Exercise brief: Take the lines below between the one holding "3323 Rohan Road Oxford FL 34484" and the one holding "game ma kinh di", inclusive, and copy them exactly. Add nothing.

[[ Dataset entries, beginning ]]

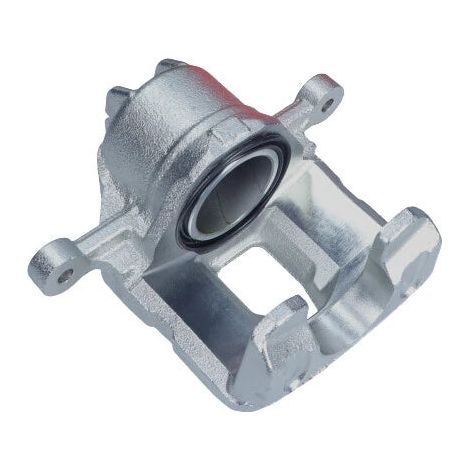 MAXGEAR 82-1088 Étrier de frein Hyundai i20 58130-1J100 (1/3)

[[ Dataset entries, end ]]
[[ Dataset entries, beginning ]]

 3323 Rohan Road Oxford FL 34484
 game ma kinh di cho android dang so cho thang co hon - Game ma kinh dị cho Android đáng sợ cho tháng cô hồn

[[ Dataset entries, end ]]

Result of this exercise:
 3323 Rohan Road Oxford FL 34484
 game ma kinh di cho android dang so cho thang co hon - Game ma kinh dị cho Android đáng sợ cho tháng cô hồn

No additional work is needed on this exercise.